The prize catch of the 111-piece collection, titled "Magnificent Jewels," is a highly transparent 19.72 carat rectangular-cut Tiffany diamond ring. The value of the piece, which Duke inherited from her mother, Nanaline, is estimated at between $800,000 and $1.2-million.

Another family heirloom is the "Belle Epoque" diamond and pearl pendant necklace by Cartier, fashioned out of diamonds supplied by Duke's father, James B. Duke. The original invoice bears the date Dec. 24, 1908, possibly a Christmas gift for his wife.

The collection also includes many items commissioned by Doris Duke, who inherited a large part of the family fortune when her father died in 1925, when she was 12.

Through her many travels, Duke gained a special love for Indian art. Using the precious stones she brought back from abroad, she worked with such jewelers as Cartier and Van Cleef & Arpels, as well as up-and-coming designers such as Fulco di Verdura and David Webb, to create personalized jewelry.

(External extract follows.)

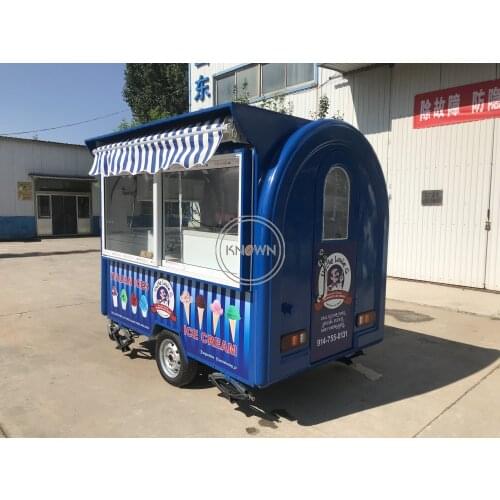 2019 new design food cart 250cm long food trailer customized mobile food trailer multifunctional food kiosk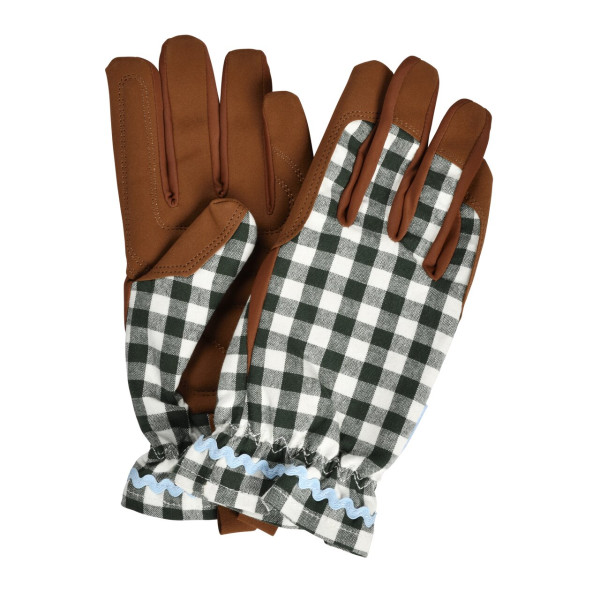 Gartenhandschuhe | heritage-grüne Karos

The Rome stop has special meaning in the life of the very rich but restless heir. Duke met her second husband, Dominican playboy Porfirio Rubirosa, while working in Rome as a reporter in the late 1940s. Rubirosa's wedding gift, a jewel-encrusted powder box, is part of the exhibit.

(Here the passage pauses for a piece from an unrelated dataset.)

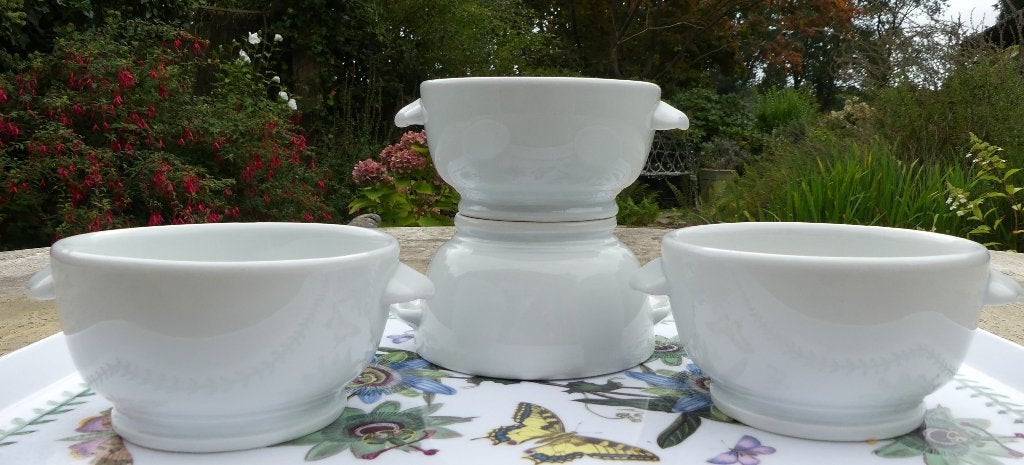 Set van 4 Pillivuyt France Soepkommen, Overige merken, Klassiek, Nieuw, Ophalen of Verzenden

Although the marriage lasted only a year, it is said that the two remained good friends and that Duke kept a picture of him in her bedroom, making him the only male companion to earn such an honor.

Duke died in 1993, leaving most of her wealth to the foundation that bears her name. The foundation also cares for her lavish homes in Hawaii, New Jersey and Newport, R.I.

The jewelry collection has been on view in Hong Kong and will make stops in London, Paris and Geneva, as well as Palm Beach and Beverly Hills, Calif., before the sale in New York.